Prove that $S$ is the disjoint union of intervals, whose total length is at least 1.
My solution is to prove it by induction on the number of intervals the points come from.
$\textit{BASIS STEP}:$
Let us assume the points in $S$ are selected from just one interval of $I$. This means $S = I_n$, so clearly $S$ is a disjoint union. Also, each member of $I$ is guaranteed to be of unit length so $S$ also has at least length 1. This completes the basis step.
$\textit{INDUCTIVE STEP}:$
Suppose the claim holds for the sets whose points come from $2n+1$ intervals of $I$, $n\geq 1$. We want to show this is also the case for the sets whose points belong to $2n+3$ intervals of $I$.
For this purpose, select points from exactly $2n+3$ intervals of $I$ to construct $S$. Now remove the interval that has the minimum starting point, and also the interval with the maximum ending point. The resulting set is composed of $2n+1$ intervals of $I$.
By the induction hypothesis, ... .Then I'm gonna use the subtracted intervals to show that we can still form a disjoint union, with a length of at least 1.
Okay I am still working on this proof. I want to ask if I can really prove it by induction? Am I on the right path?

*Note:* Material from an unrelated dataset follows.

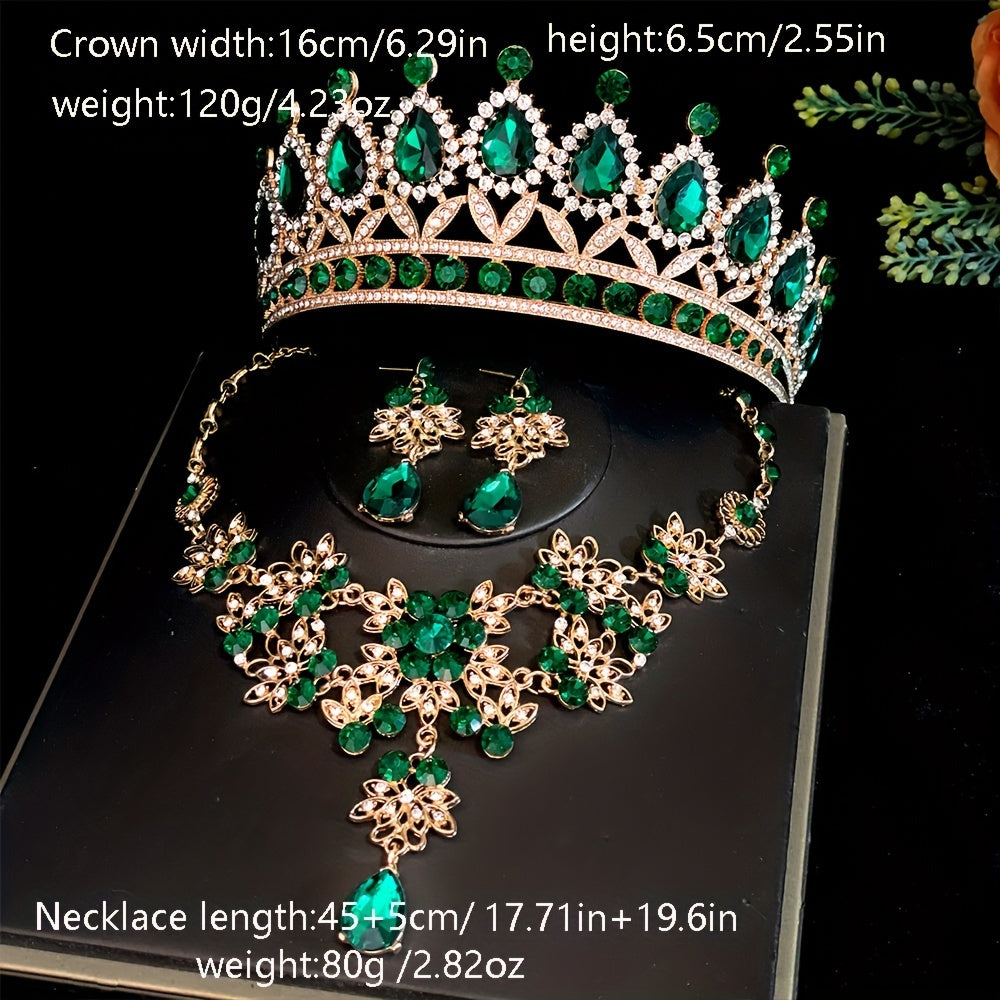 Bridal Jewelry Set Rhinestone Crown Necklace Earrings Wedding Prom Formal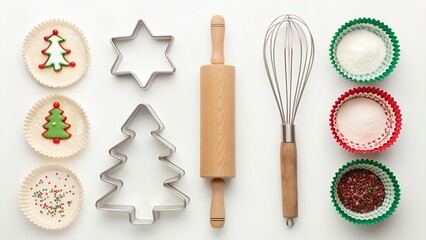 Christmas Baking Preparation with Cookie Cutters and Ingredients.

Let $S$ be a set of points covered by exactly $2(k+1)+1=2k+3$ elements in $I$, i.e. $S=\bigcup_{i=1,\dotsc,2k+3}I_i$. Call the interval containing the minimum point $I_{2k+2}$, and the one containing the maximum $I_{2k+3}$. Let $T$ be a set of points covered by exactly $2k+1$ elements, described in the BIG brackets here: $$S=\overbrace{[S\setminus\{T\cup I_{2k+3}\}\bigg[\dotsc]}^{I_{2k+2}} 2k+1\ \text{closed unit intervals}\overbrace{[\dotsc\bigg]S\setminus\{T\cup I_{2k+2}\}]}^{I_{2k+3}}.$$ Note, we are not excluding the intervals that have the minimum and maximum points, but the disjoint parts of each (since they may overlap as described in the picture).
Call $S\setminus\{T\cup I_{2k+3}\}$ the LDI (left-disjoint interval); and likewise RDI for $S\setminus\{T\cup I_{2k+2}\}$. By induction hypothesis, $T$ is a disjoint union of intervals, of total length $\ge1$. Then of course $T\cup\mathrm{LDI}\cup\mathrm{RDI}=S$ is a disjoint union of intervals, of total length $\ge1$.
Please tell me if there are any mistakes.